A golang package that "resolves" a given URL by issuing a GET request, following any redirects, canonicalizing the final URL, and attempting to extract the title from the final response body.
A URL is resolved by issuing a GET
request and following any redirects until
a non-30x
response is received.
The final URL is aggressively canonicalized using a combination of
PuerkitoBio/purell and some manual heuristics for removing
unnecessary query params (e.g. utm_*
tracking params), normalizing case (e.g.
twitter.com/Thresholderbot
and twitter.com/thresholderbot
are the same).
Canonicalization is optimized for URLs that are shared on social media.
TL;DR: Use safedialer.Control
in the transport's dialer to
block attempts to resolve URLs pointing at internal, private IP addresses.
Exposing functionality like this on the internet can be dangerous, because it could theoretically allow a malicious client to discover information about your internal network by asking it to resolve URLs whose DNS points at private IP addresses.
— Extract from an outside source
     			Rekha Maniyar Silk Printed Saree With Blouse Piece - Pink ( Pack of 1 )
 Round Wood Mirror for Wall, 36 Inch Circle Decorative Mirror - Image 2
The dangers, along with a golang-specific mitigation, are outlined in Andrew Ayer's excellent "Preventing Server Side Request Forgery in Golang" blog post.
To mitigate that danger, users are strongly encouraged to use
safedialer.Control
as the Control
function in the dialer used
by the transport given to urlresolver.New
.
See github.com/mccutchen/urlresolverapi for a productionized example, deployed at https://urlresolver.com.